Kebijakan fiskal akan mempengaruhi perekonomian melalui penerimaan negara dan pengeluaran negara. Disamping pengaruh dari selisih antara penerimaan dan pengeluaran (defisit atau surplus), perekonomian juga dipengaruhi oleh jenis sumber penerimaan negara dan bentuk kegiatan yang dibiayai pengeluaran negara.
Di dalam perhitungan defisit atau surplus anggaran pendapatan dan belanja negara (APBN), perlu diperhatikan jenis-jenis penerimaan yang dapat dikategorikan sebagai penerimaan negara, dan jenis-jenis pengeluaran yang dapat dikategorikan sebagai pengeluaran negara. Pada dasarnya yang dimaksud dengan penerimaan negara adalah pajak-pajak dan berbagai pungutan yang dipungut pemerintah dari perekonomian dalam negeri, yang menyebabkan kontraksi dalam perekonomian. Dengan demikian hibah dari negara donor serta pinjaman luar negeri tidak termasuk dalam penerimaan negara. Di lain sisi, yang dimaksud dengan pengeluaran negara adalah semua pengeluaran untuk operasi pemerintah dan pembiayaan berbagai proyek di sektor negara ataupun badan usaha milik negara. Dengan demikian pembayaran bunga dan cicilan hutang luar negeri tidak termasuk dalam perhitungan pengeluaran negara.
Dari perhitungan penerimaan dan pengeluaran negara tersebut, akan diperoleh besarnya surplus atau defisit APBN. Dalam hal terdapat surplus dalam APBN, hal ini akan menimbulkan efek kontraksi dalam perekonomian, yang besarnya tergantung kepada besarnya surplus tersebut . Pada umumnya surplus tersebut dapat dipergunakan sebagai cadangan atau untuk membayar hutang pemerintah (prepayment).

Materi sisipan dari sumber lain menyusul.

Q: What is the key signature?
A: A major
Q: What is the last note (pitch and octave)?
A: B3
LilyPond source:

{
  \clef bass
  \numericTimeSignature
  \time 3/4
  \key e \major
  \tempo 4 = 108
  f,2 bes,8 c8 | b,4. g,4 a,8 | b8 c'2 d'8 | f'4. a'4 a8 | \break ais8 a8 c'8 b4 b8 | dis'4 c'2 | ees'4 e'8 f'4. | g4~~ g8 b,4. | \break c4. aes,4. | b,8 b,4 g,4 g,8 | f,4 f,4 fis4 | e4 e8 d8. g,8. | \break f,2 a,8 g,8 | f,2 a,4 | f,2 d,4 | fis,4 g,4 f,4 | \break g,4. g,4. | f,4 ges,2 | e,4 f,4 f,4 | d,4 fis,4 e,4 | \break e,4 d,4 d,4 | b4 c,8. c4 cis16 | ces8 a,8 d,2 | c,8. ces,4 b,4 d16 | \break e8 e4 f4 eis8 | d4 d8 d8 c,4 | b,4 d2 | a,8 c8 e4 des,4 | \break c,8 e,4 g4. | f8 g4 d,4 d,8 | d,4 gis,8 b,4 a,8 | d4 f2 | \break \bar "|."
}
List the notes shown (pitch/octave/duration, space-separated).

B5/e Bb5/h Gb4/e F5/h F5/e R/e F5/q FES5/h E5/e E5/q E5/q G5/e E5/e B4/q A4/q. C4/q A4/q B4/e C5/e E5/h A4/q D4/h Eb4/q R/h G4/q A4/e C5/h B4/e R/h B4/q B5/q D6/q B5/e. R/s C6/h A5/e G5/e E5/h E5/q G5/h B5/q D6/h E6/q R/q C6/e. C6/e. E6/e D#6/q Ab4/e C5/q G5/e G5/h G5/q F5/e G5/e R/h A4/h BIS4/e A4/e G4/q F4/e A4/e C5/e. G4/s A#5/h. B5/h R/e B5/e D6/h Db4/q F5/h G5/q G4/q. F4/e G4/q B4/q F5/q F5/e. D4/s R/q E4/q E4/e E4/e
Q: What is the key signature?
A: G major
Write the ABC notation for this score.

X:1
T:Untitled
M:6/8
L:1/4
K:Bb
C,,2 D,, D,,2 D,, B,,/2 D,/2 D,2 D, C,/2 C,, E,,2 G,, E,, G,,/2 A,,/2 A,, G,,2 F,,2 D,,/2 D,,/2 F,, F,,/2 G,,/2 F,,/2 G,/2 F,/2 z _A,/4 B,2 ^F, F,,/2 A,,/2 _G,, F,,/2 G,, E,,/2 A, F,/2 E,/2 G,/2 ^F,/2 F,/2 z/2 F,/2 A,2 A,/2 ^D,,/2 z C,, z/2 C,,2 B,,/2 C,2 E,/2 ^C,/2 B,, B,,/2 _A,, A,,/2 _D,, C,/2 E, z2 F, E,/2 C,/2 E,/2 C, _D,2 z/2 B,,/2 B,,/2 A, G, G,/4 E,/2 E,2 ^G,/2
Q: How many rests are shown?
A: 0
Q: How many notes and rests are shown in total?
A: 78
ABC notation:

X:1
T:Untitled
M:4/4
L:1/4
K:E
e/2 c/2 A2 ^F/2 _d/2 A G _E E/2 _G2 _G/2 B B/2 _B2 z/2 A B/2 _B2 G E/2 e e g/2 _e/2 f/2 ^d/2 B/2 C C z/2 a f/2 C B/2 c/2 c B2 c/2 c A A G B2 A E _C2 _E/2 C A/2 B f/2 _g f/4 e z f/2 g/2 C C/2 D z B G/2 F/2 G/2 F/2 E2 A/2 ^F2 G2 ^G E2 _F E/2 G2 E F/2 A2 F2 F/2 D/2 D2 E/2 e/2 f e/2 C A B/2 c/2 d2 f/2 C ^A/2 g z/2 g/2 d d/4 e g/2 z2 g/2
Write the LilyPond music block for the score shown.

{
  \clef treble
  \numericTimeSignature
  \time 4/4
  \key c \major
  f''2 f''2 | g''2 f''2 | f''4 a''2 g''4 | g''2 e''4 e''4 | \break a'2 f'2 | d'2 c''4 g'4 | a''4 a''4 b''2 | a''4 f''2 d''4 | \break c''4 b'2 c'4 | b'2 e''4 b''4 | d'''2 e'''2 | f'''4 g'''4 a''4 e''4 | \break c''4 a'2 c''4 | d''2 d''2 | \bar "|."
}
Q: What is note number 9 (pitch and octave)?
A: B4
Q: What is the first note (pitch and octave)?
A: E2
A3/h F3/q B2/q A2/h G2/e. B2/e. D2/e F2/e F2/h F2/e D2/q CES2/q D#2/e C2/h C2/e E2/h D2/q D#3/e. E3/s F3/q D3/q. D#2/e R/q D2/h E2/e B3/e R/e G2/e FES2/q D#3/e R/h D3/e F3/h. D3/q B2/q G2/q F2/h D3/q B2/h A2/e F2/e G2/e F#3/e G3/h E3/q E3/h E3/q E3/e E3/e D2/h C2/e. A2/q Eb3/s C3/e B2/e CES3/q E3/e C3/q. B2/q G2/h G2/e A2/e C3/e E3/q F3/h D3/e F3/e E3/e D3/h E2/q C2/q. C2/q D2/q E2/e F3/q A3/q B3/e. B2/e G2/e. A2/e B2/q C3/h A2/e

Dalam hal terjadi defisit, maka defisit tersebut dapat dibayai dengan pinjaman luar negeri (official foreign borrowing) atau dengan pinjaman dalam negeri. Pinjaman dalam negeri dapat dalam bentuk pinjaman perbankan dan non-perbankan yang mencakup penerbitan obligasi negara (government bonds) dan privatisasi. Dengan demikian perlu ditegaskan bahwa penerbitan obligasi negara merupakan bagian dari pembiayaan defisit dalam negeri non-perbankan yang nantinya diharapkan dapat memainkan peranan yang lebih tinggi. Hal yang paling penting diperhatikan adalah menjaga agar hutang luar negeri atau hutang dalam negeri tersebut masih dalam batas-batas kemampuan negara (sustainable).
Pada dasarnya defisit dalam APBN akan menimbulkan efek ekspansi dalam perekonomian . Dalam hal defisit APBN dibiayai dengan pinjaman luar negeri, maka hal ini tidak menimbulkan tekanan inflasi jika pinjaman luar negeri tersebut dipergunakan untuk membeli barang-barang impor, seperti halnya dengan sebagian besar pinjaman dari CGI selama ini. Akan tetapi bila pinjaman luar negeri tersebut dipergunakan untuk membeli barang dan jasa di dalam negeri, maka pembiayaan defisit dengan memakai pinjaman luar negeri tersebut akan menimbulkan tekanan inflasi. Dilain pihak, pembiayaan defisit APBN dengan penerbitan obligasi negara akan menambah jumlah uang yang beredar dan akan menimbulkan tekanan inflasi.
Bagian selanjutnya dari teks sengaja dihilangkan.